When you reach the line that holds "Свято-Успенский Дивногорский мужской", start copying exactly and keep going through the final line of the data, leaving out pictures.

*** Opening of Extracted information ***

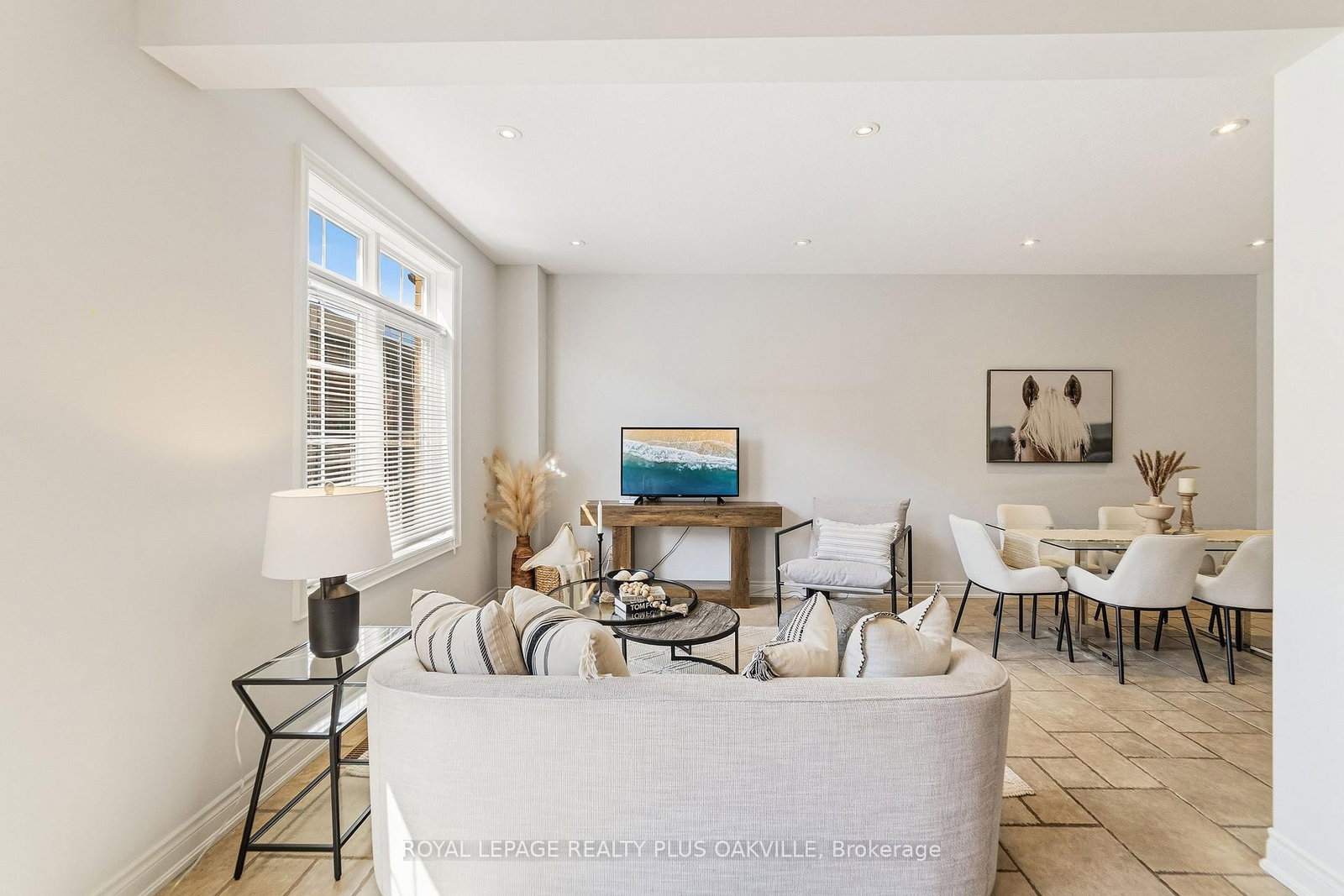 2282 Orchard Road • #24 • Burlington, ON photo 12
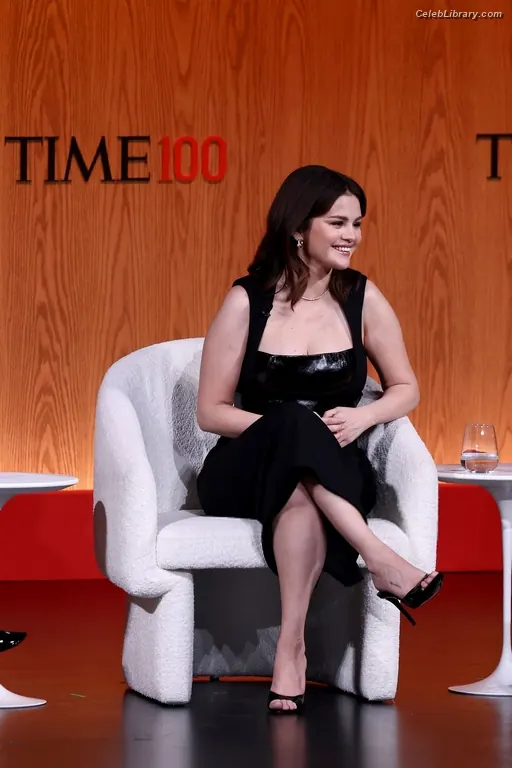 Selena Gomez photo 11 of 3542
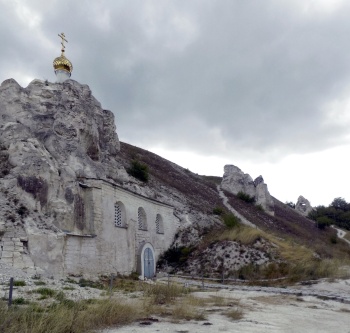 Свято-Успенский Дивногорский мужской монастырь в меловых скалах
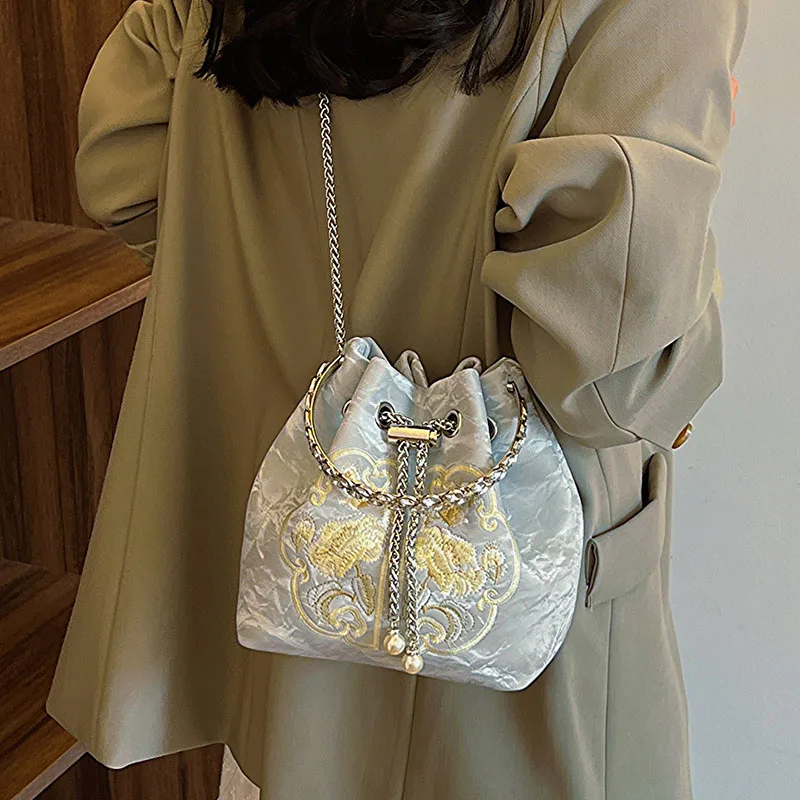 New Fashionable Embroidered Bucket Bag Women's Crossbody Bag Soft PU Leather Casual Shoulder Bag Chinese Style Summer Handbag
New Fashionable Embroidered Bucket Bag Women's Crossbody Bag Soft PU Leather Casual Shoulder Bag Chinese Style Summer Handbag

*** Close of Extracted information ***

→ Finished exercise
 Свято-Успенский Дивногорский мужской монастырь в меловых скалах
 New Fashionable Embroidered Bucket Bag Women's Crossbody Bag Soft PU Leather Casual Shoulder Bag Chinese Style Summer Handbag
New Fashionable Embroidered Bucket Bag Women's Crossbody Bag Soft PU Leather Casual Shoulder Bag Chinese Style Summer Handbag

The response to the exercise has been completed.